Prevent Configuration Errors in Kubernetes
A simple and effective tool to prevent a disaster in Prod.
It was 3AM on a Monday. The team had experienced a sleepless weekend, trying to dig into a production failure. In just a few hours, the work week would begin, and we all knew that the world needed this application to work. It would be a disaster if this issue were not fixed before then.
But why did it fail? It worked last week. Why did it stop working today? A recent code change? But that was absolutely unrelated. We tested it - with all the rigor. We had setup the best test automation, topped with some manual tests as well. Even further, our microservices are scanned and reviewed by effective tools. Why then did it fail?
We started cursing our fate and the tools we used. Management started yelling at us. You said K8s is meant for resilience and it enables applications that can never fail.
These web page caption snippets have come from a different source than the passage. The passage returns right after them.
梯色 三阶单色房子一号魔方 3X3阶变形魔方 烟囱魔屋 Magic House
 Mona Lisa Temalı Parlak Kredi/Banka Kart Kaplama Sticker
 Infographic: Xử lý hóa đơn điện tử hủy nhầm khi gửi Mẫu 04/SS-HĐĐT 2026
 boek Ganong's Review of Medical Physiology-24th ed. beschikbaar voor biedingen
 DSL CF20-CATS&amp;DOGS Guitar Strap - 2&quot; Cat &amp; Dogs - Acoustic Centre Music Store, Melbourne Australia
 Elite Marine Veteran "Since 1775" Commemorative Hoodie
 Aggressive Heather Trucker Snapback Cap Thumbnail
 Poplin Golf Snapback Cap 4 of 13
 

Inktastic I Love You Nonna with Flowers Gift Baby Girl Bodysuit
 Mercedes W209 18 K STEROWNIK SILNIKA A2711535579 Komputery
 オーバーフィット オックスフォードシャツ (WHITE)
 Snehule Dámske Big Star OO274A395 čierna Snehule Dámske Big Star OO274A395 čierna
But we have seen more trouble than solution. Never use Open Source! And all that blah..
But after hours of struggle, fate smiled - just in time - and we discovered the problem with the YML configuration. Some progressive-minded developer had not specified the version of the embedded opensource DB used in there - he had used a "latest" - hoping to get the best features as they are released. A new version was available, and that broke some existing functionality.
Hush! Our job was saved. We managed to resolve the issue and then crashed into the bed - as the world started using our application that was functioning as before.
The RCA
Does this sound familiar? I am sure it does. We have all seen disasters caused by misconfiguration in Kubernetes. The problem is in the power of the tool. With great power comes great responsibility.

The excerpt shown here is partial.